Required action »
After locating the line with "Uni-T UT281E Clamp Meter (ETL) – Obrázok 6" in the entries below, output it and each following line up to and including the line with "Dames Outfit Jule in forest", exactly and without pictures.

Record excerpts »

-- Opening Marker --

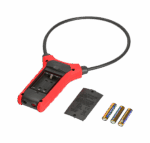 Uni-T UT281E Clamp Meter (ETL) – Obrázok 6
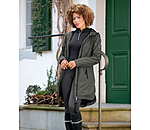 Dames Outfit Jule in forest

-- Closing Marker --
-- Opening Marker --

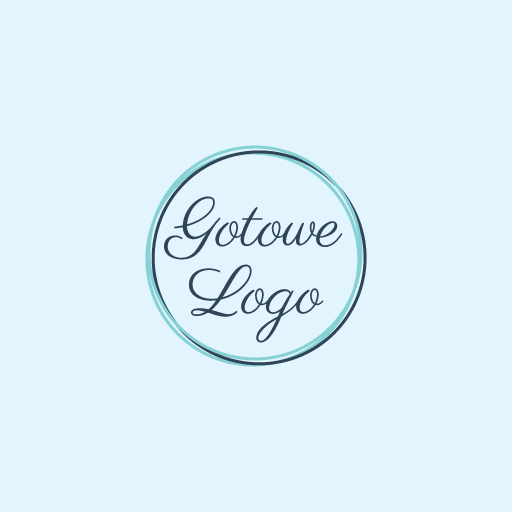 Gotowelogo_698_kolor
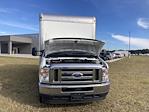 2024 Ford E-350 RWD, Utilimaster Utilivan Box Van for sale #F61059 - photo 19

-- Closing Marker --

Finished exercise »
 Uni-T UT281E Clamp Meter (ETL) – Obrázok 6
 Dames Outfit Jule in forest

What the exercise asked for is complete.